Lorsqu'en 1996 sort le formidable Vae Victis, 2è album du groupe Suisse Galaad, nul n'aurait imaginé que Pierre-Yves Theurillat, fondateur et tête pensante du groupe, allait nous "offrir" une aussi longue éclipse musicale. Ce n'est en effet que 15 ans plus tard qu'à la tête de son Escouade, et via des Confidences de Mouches largement encensées par la critique, que notre homme brisera le mur de son silence discographique. Sur la lancée de ce retour en fanfare, l'artiste publie aujourd'hui sous son nom propre un nouvel album, Carnet d'un visage de Pluie qui, à la base, aurait même dû constituer la troisième branche de l'étoile Galaad, le retour aux affaires de son acolyte Sébastien Froidevaux n'étant probablement pas étranger à l'affaire.

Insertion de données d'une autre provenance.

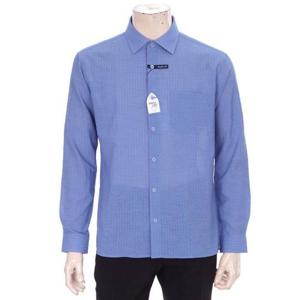 런던포그 세이브존04 투톤 블랙홀 써커 블루셔츠 (  춘하  ) LOS3A507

Et pourtant, c'est plutôt dans un style quelque peu éloigné de leurs saillies des années nonantes que les deux compères nous proposent 11 nouvelles chansons. Passée une courte introduction évoquant Yann Tiersen, les premières mesures d'Un Temps Inoubliable vont renvoyer tous ceux qui ont apprécié les Confidences de Mouche dans l'univers inimitable de PYT, dont les textes s'avèrent d'une musicalité incroyable, prouvant ainsi que le français est également une langue qui se manipule très bien en musique. Pourtant, comme pour mieux contredire cet adage, PYT s'essaiera néanmoins à l'anglais sur quatre titres, lesquels présentent du coup une tonalité bien différente.
Sur le plan musical, l'ensemble se compose d'un alliage entre la tendance acoustique largement dominante du projet Escouade, et un côté beaucoup plus électrique et majestueux, venant en parfaite harmonie soutenir des compositions où le talent mélodique des auteurs éclate de nouveau au grand jour. Comme un clin d'œil à l'un de des groupes de prédilection de PYT, les saillies de guitare électrique, très présentes, renvoient aux plus belles heures d'un certain Steve Rothery.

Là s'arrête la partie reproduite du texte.